The officers did not observe any obvious criminal activity outside the building, nor did they see or hear anything unusual in the area of the apartment. Additionally, the officers did not attempt to communicate with neighbors to inquire about the reported incident. After a few minutes had passed, several officers climbed the fire escape to enter the apartment through a window.

Upon entering the apartment, the officers found no one inside. 1 The officers seized a handgun and ammunition that were lying on a counter in plain view.

*173 Officers searched the same apartment again on June 2, 2011 (the June search), after two Assistant United States Attorneys from Maryland, a detective from the Montgomery County, Maryland Police Department, and a detective from the New York City Police Department went to the apartment to obtain a photograph of the building. When the four individuals (the officers) arrived at the apartment building, an officer rang several of “the buzzers” in an effort to enter the locked exterior door of the building. A woman dressed in a bathrobe responded to the front door of the building. After the woman identified herself as the landlord and superintendent of the building, the officers did not ask her to produce verifying identification.

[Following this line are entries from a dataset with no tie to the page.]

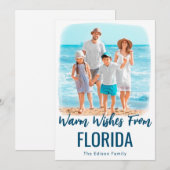 Family Beach Photo Carte de Noël Watercolor State (Devant / Derrière)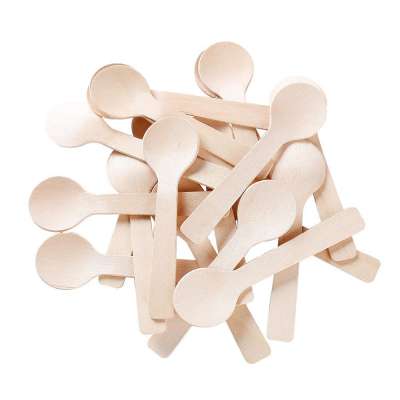 4" Mini Wooden Spoons 100 ct Biodegradable Compostable Birchwood (100pcs/bag)Multipurpose Mini Wooden Spoon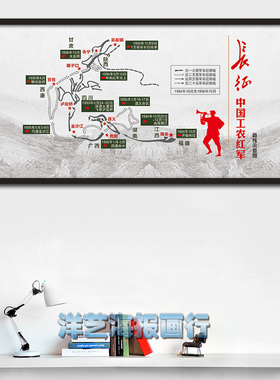 革命风题材长征红军路线图装饰画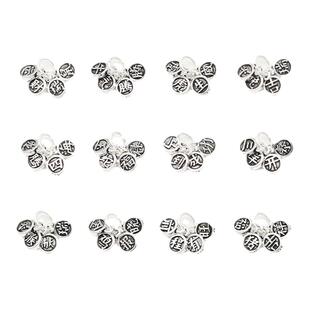 纯银吉言吊坠 泰银做旧十二生肖小圆牌组合挂坠S925银DIY编绳配件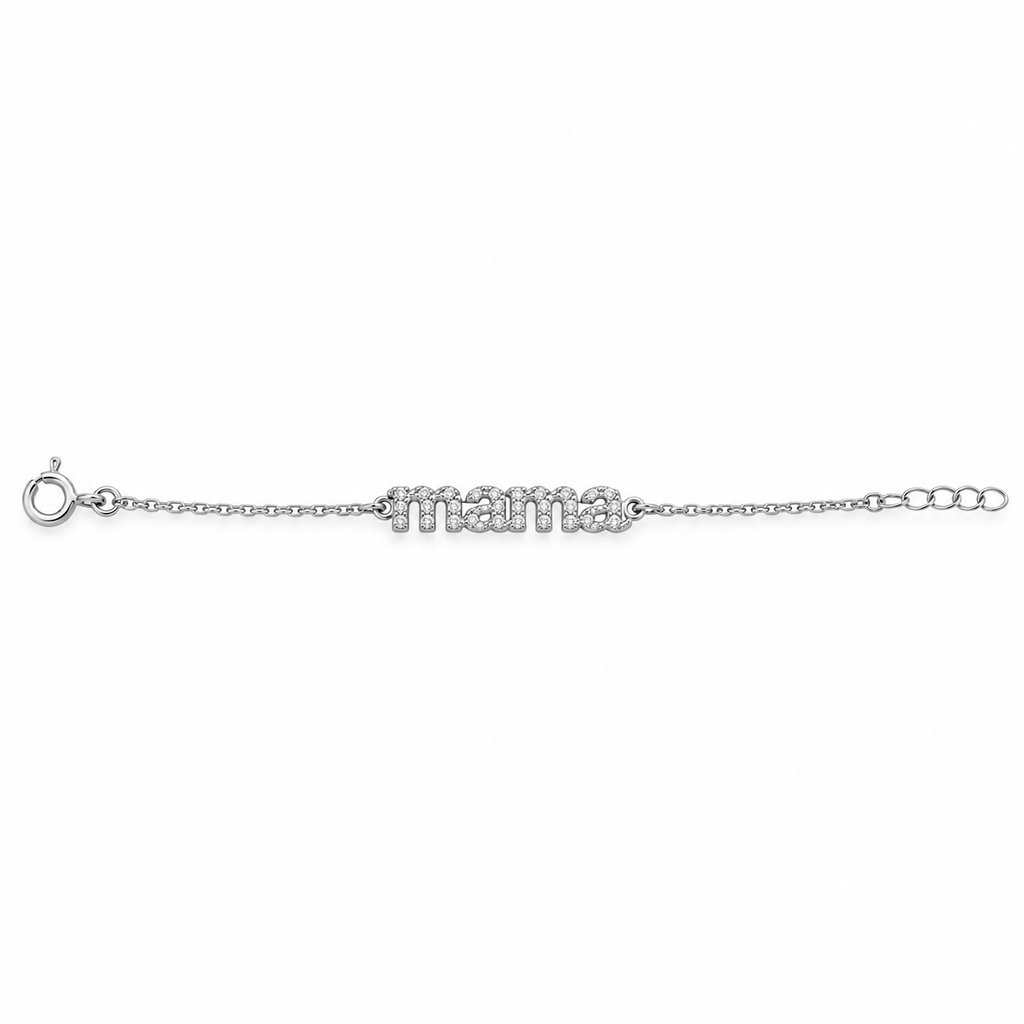 Pulsera de Plata 925 con Palabra “Mamá” y Circonitas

The woman informed the officers that Naughton’s apartment “was vacant,” that she had not seen Naughton in “a couple weeks,” and that he had been evicted. She explained that she had arranged for the apartment to be cleaned the next day, and that the locks to the apartment had been changed. Although the woman did not have the new keys to the apartment, she attempted to contact her sister, the other co-landlord of the building who allegedly retained the new keys, but did not succeed in reaching her.

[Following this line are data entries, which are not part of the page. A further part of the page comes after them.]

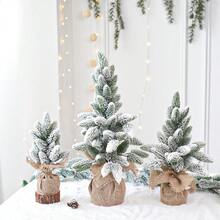 Brad de Crăciun artificial de masă, mini brad de Crăciun, conuri de pin, ramuri de zăpadă înghețate, mic brad de Crăciun flocat pentru birou sau dormitor, brad de Crăciun de masă pentru decor de Crăciun de interior, sărbători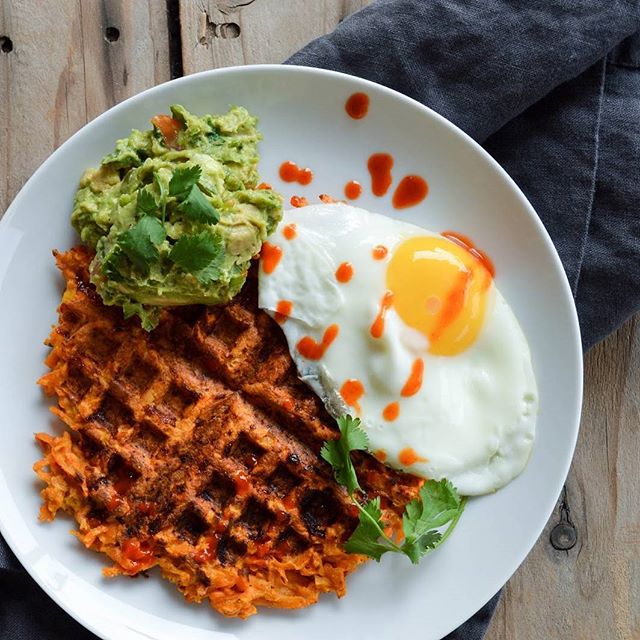 Paleo Sweet Potato Waffles With Fried Egg And Guacamole by phoodfight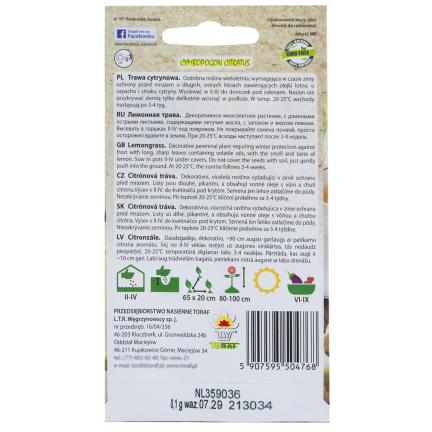 Z3034 SEMÍNKA BYLINY CITRONOVÉ TRÁVY ZDRAVOTNÍ VLASTNOSTI 0,1G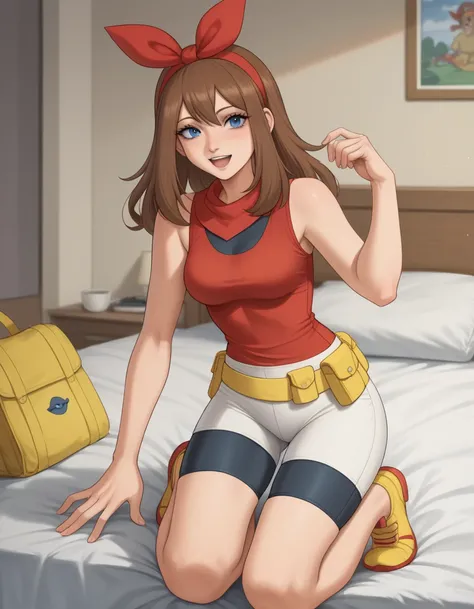 (Sciamano240), masterpiece, best quality, aatomically correct, five fingers, pokemonmay, blue eyes, brown hair, bandana, long hair, bedroom, girl bedroom, perky breasts, wide hips, sexy, young woman, happy,, 1default1, red hairband, bow hairband, red shirt...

Although the door to the apartment was locked, two officers entered the landlord’s apartment at her suggestion, climbed up the fire escape, and entered Naughton’s apartment through a window. The apartment was “dirty” and “in disarray,” and the officers discovered and seized numerous items, including used condoms and women’s clothing.

Following further investigation into Naughton’s involvement in an interstate sex trafficking enterprise, a grand jury issued a 16-count superseding indictment charging Naughton with: one count of conspiracy to commit sex trafficking, in violation of 18 U.S.C. § 1594(c) (count 1); one count of using, carrying, and brandishing a firearm during and in relation to a crime of violence, in violation of 18 U.S.C. § 924(c) (count 2); six counts of sex trafficking, in violation of 18 U.S.C. § 1591 (counts 3, 4, 6, 8,11, and 12); six counts of transporting an individual to engage in prostitution, in violation of 18 U.S.C. § 2421 (counts 5, 7, 9,10,13, and 16); one count of kidnapping, in violation of 18 U.S.C. § 1201(a)(1) (count 14); and one count of possession of a firearm by a convicted felon, in violation of 18 U.S.C. § 922(g)(1) (count 15).

Before trial, Naughton moved to suppress the firearm and ammunition seized during the September search, as well as the items seized during the June search. After the district court held an evidentiary hearing, the court denied Naughton’s motions to suppress.

Following a 14-day trial in which seven victims and former prostitutes testified as part of the government’s case, a jury convicted Naughton of most of the charges, acquitting him only of the charges in counts 3,11,14, and 15.